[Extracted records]
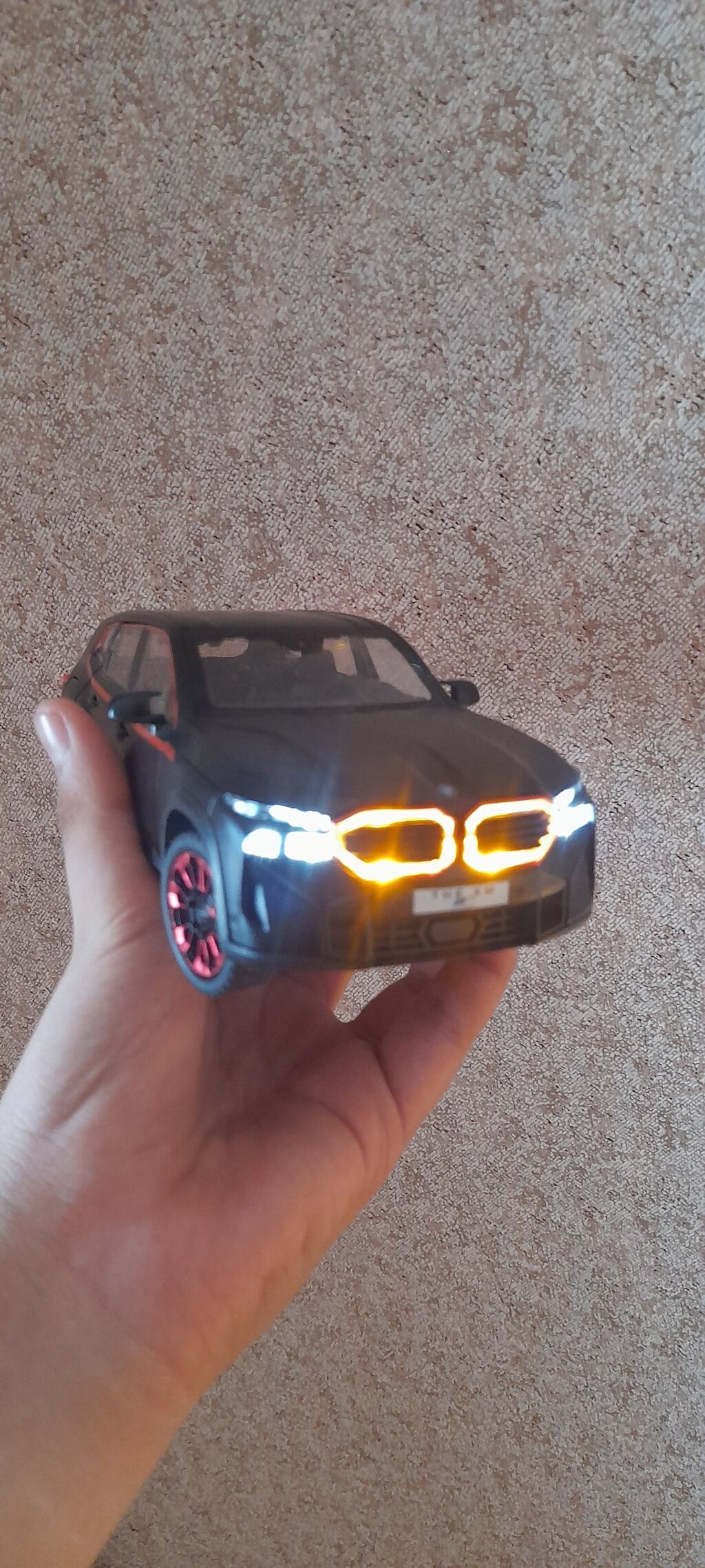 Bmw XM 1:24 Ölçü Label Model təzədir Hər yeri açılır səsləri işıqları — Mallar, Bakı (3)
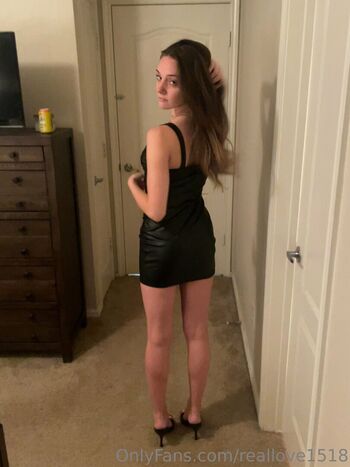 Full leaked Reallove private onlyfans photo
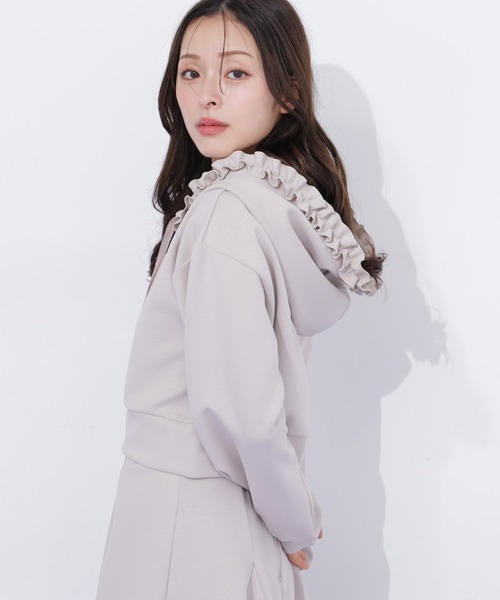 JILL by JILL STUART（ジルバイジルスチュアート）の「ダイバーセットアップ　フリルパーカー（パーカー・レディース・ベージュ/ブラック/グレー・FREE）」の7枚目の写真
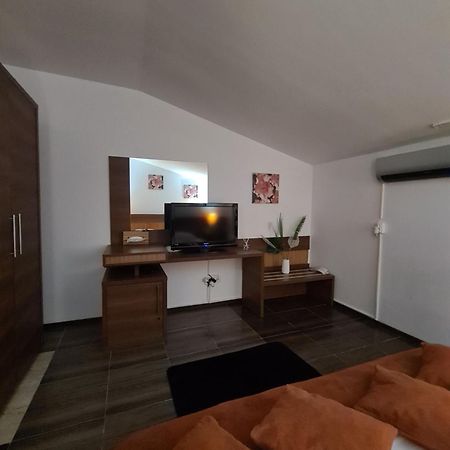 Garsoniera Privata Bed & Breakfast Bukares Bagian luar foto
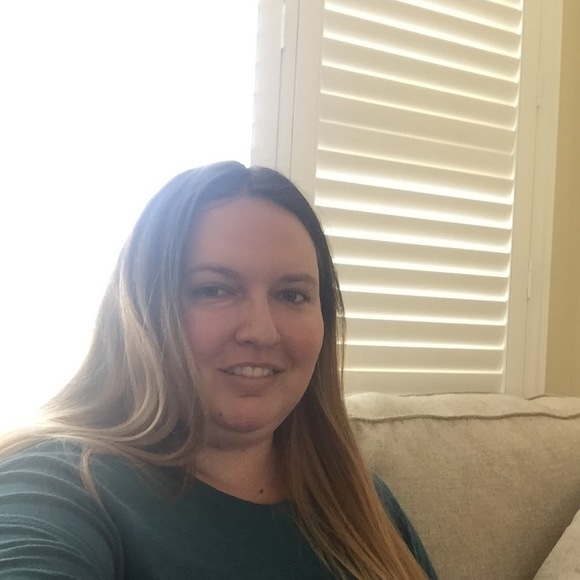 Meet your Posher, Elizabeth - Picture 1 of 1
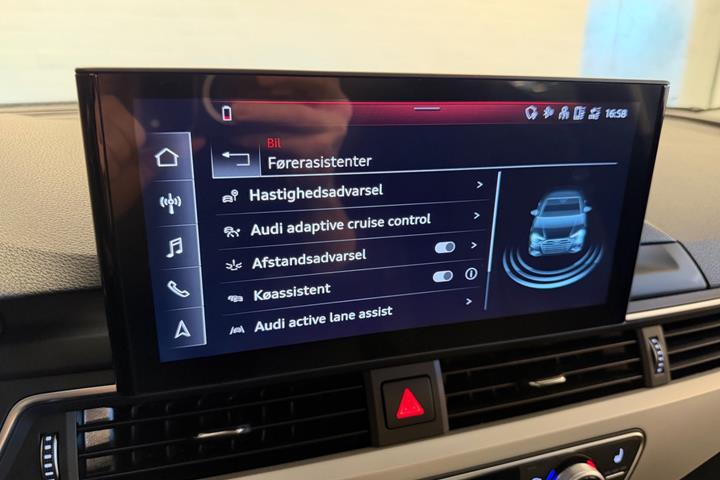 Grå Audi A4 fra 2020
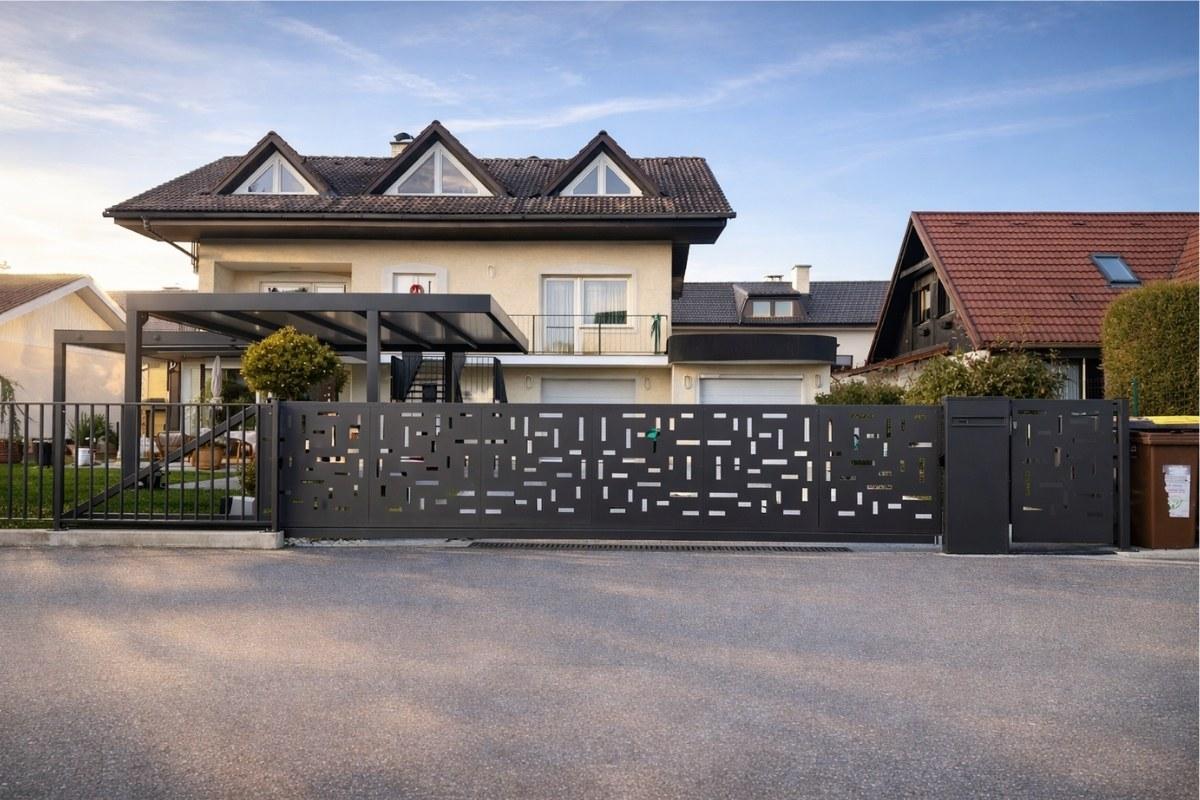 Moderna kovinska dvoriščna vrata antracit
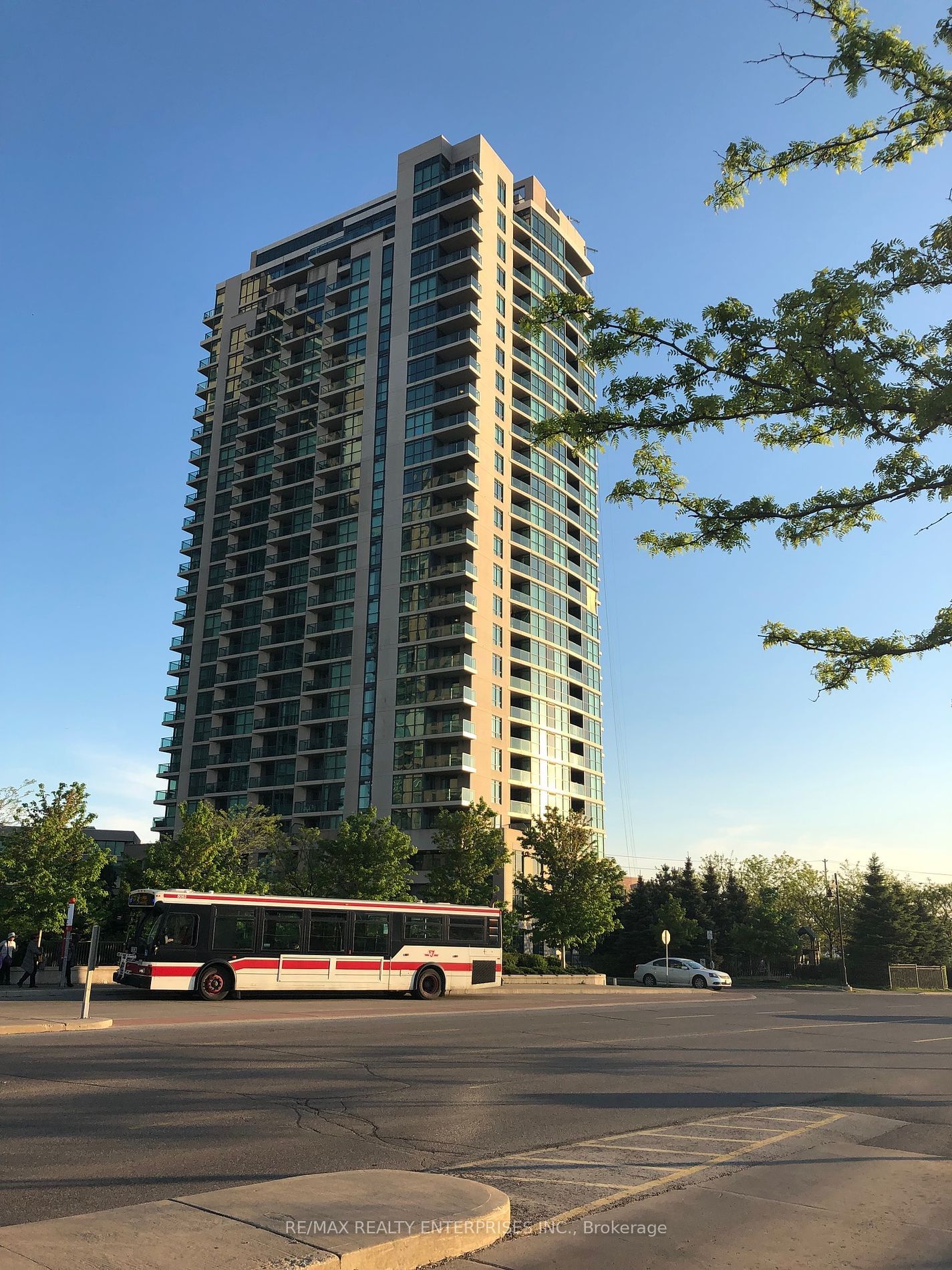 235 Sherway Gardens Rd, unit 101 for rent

▶ Aim of the task:
When copying, output the data exactly and leave out the pictures.

▶ Task output:
 Bmw XM 1:24 Ölçü Label Model təzədir Hər yeri açılır səsləri işıqları — Mallar, Bakı (3)
 Full leaked Reallove private onlyfans photo
 JILL by JILL STUART（ジルバイジルスチュアート）の「ダイバーセットアップ　フリルパーカー（パーカー・レディース・ベージュ/ブラック/グレー・FREE）」の7枚目の写真
 Garsoniera Privata Bed & Breakfast Bukares Bagian luar foto
 Meet your Posher, Elizabeth - Picture 1 of 1
 Grå Audi A4 fra 2020
 Moderna kovinska dvoriščna vrata antracit
 235 Sherway Gardens Rd, unit 101 for rent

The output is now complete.